Quick-fill master cylinder
Operator comfort is the key advantage a quick-fill master cylinder technology provides when compared to the older master cylinder technology. The quick-fill is actuated when the pedal is applied and the plunger moves forward, displacing fluid from the larger chamber and brake master cylinder to the brakes. The fluid from the quick-fill chamber flows through the non-return valve and quickly fills the brake. The additional fluid volume from the quick-fill chamber is used to take up the running clearance at the drum-brake wheel cylinders. When an optimal pressure is achieved in the brake line, ie, when the running clearance is gone and the brake needs to be pressurised to torque, pressure will be built up in the brake master cylinder, but only after the non-return valve closes off. Any additional oil volume required compensating for brake stiffness or hose expansion due to pressurisation, for example, will be available from the plunger. However, the fluid that needs to be displaced from the quick-fill chamber for this to occur must go somewhere, in this case to the tank through the vent hole. One fine-tuned feature of this system is that it ensures that when the cylinder is first applied, the oil in the quick-fill chamber will flow through the non-return valve rather than out to reservoir. Some oil will inevitably get vented out, but this feature ensures most of the fluid is directed to the brake.
In emergencies, the operator may still stamp on the pedal, even though he does not want the high pedal force to be created by the quick-fill chamber diameter. In this case, the pressure-relief valve will crack open and relieve the back pressure created because the oil will not be able to get through the non-return valve quick enough. When the pedal is released, the cylinder recuperates from the quick-fill chamber through the non-return valve and the quick-fill chamber recuperates via the centre valve opening, letting oil flow readily from the reservoir.
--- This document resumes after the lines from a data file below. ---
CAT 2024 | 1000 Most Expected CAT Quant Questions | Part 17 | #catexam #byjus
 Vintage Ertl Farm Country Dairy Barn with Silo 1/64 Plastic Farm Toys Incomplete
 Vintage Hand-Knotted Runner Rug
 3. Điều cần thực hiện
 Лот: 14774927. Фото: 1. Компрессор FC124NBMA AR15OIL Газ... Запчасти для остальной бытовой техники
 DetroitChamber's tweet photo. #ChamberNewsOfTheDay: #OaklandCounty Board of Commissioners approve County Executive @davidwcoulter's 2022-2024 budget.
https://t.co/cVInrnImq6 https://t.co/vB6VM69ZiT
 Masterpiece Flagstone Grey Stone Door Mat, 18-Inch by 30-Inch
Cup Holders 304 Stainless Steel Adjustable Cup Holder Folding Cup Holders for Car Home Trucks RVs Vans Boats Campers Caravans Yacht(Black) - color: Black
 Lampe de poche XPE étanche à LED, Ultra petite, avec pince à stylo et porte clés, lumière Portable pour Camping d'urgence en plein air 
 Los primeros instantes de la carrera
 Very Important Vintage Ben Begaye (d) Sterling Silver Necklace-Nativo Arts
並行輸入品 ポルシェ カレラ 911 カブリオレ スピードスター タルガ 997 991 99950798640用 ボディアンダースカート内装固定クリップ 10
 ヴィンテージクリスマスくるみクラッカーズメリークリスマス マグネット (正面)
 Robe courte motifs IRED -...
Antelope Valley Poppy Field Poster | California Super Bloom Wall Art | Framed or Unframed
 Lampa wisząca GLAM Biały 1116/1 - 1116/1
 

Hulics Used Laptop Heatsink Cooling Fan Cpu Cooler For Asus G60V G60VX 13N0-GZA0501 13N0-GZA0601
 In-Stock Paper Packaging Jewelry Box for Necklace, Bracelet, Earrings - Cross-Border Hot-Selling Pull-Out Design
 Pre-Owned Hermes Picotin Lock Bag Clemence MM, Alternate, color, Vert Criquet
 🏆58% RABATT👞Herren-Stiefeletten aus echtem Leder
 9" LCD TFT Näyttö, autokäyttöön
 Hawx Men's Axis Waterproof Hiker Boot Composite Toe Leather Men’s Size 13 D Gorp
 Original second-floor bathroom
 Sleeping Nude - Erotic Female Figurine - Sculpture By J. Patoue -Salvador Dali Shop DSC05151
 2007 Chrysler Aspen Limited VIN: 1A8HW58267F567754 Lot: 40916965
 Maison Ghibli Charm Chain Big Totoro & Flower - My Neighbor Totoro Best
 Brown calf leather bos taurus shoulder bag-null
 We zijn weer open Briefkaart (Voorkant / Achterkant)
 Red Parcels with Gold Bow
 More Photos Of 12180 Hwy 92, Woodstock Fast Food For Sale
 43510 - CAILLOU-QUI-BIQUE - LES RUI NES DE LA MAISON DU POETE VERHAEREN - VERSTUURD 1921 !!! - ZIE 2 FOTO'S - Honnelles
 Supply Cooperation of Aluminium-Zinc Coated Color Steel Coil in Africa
CBFs cylinder has a self-bleed function that ensures that if air gets into the brake master cylinder and enters the annular section in front of the main master-cylinder seal, it will be ejected through the self-bleed hole each time the cylinder is stroked. This air will then be pushed out through the vent hole and into the reservoir, so the cylinder is self-bleeding, but will not bleed air from the brake system, if the air is not in the master cylinder.
Puller slave cylinder
This slave cylinder has been designed with the option for actuating a park brake. The service brake and park brake can be applied independently with the CBF design. To reduce the load required at the handbrake (to operate the park brake) the service brake can be applied and immediately after the handbrake can be operated at a much lower effort to provide the required park brake torque.
There will be a small partial vacuum created in the braking system when conducting this particular 'park brake procedure. This vacuum level will be dependent on various system characteristics including length/diameter of the hydraulic piping, slave cylinder diameter, master cylinder diameter and stroke, etc. However, CBF master cylinders are specifically designed to reduce the effects of partial vacuum by replacing fluid in the brake system through internal recuperation.